In her second year of study she attended an interview with a domestic airline. Domestic flying was not really what she wanted, yet she went to the interview anyway. She was unsuccessful, and as I understand it, she was unable to get an interview with any international carrier in the short term. She finished her university course, graduating to find a great job. She would have loved to get into the airlines, however it was not meant to be. She has since married and had children. Becoming a hostie is no longer on the agenda.
I recently saw her. She loves to hear stories about my job, yet admits that if she had left her studies it would have been a huge mistake. She thanked me for the advice I gave those years ago. We both knew it was the right thing to do at the time.
Airline crew are worldly; most well-educated, with additional qualifications, many continuing to study - often with interests outside the flying industry. Just because we are sometimes perceived as ditzy trolley dollies pouring tea and coffee all day, don't be fooled. In the past few months alone I have flown with a trained psychologist, a radiologist, an ex-policewoman, a number of former teachers and nurses, an architect, and even a former priest. Often flight attendants' past or current professions are not mentioned while on trips. I never make assumptions about crew. They constantly surprise me.

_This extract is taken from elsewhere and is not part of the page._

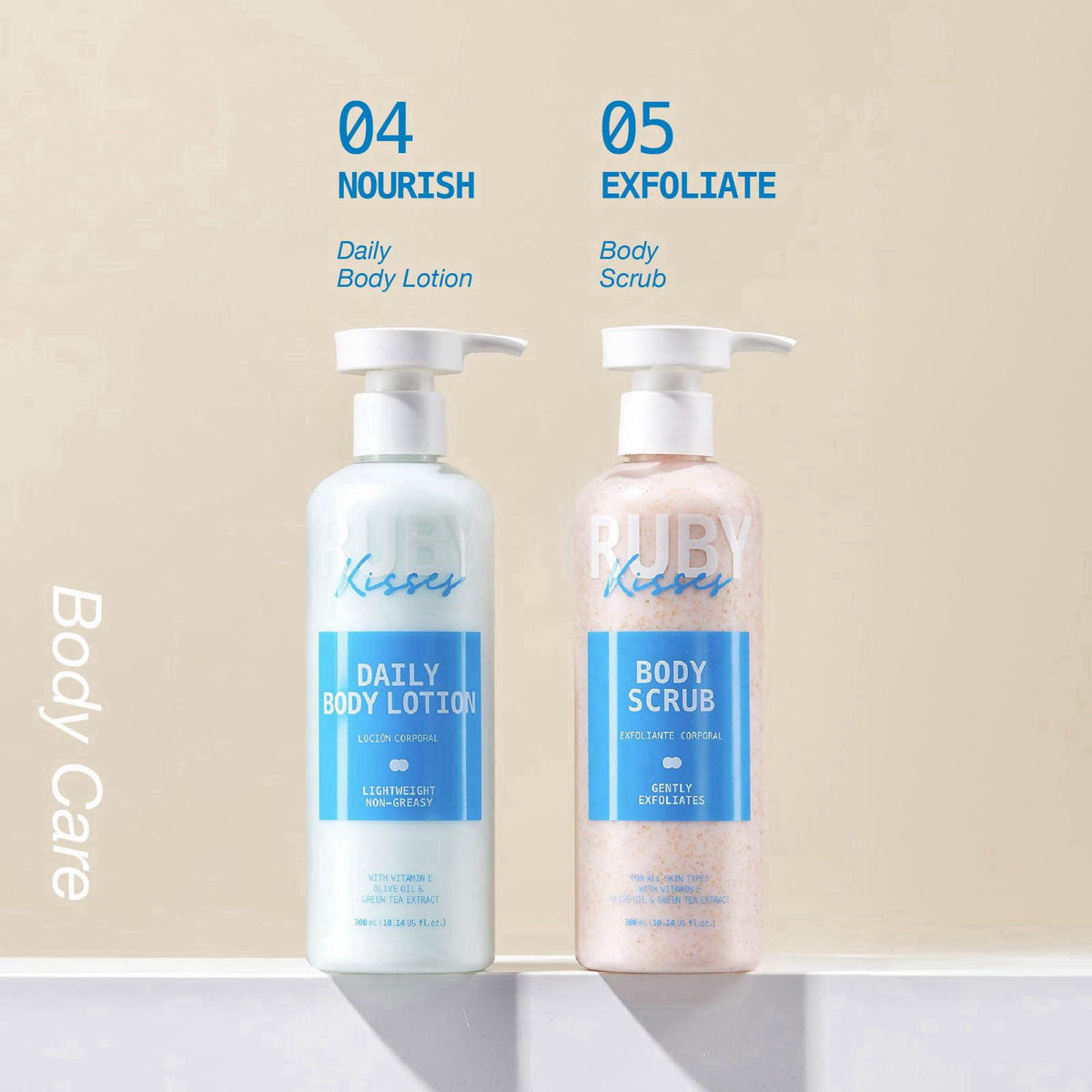 Ruby Kisses Complete Hydration Skincare Set, Face & Body Essentials, Includes Daily Foaming Cleanser, Balancing Mist Ton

Like most, I love music. I've met many crew with musical backgrounds, from a concert pianist to a guitarist in a former well-known rock band. One of the guys in my training class was a keyboard player in a moderately successful eighties band. He said nothing throughout training, but in later years revealed his love of music - and his past. We flew recently and I divulged that I saw one of the band's video-clips on You Tube.
'Love the hair' I teased him, 'and what was going on with the pants?'
'It was the eighties' he justified with a smile.
One of my good friends was a lead singer in a cover-band for many years before flying. She continues to sing in various theatrical productions when time permits. I have even been known to belt out a tune or two (in the shower). I am not tone-deaf, however I could be accused of being tone-hard-of-hearing. I can tell you that as a singer I make a wonderful flight attendant.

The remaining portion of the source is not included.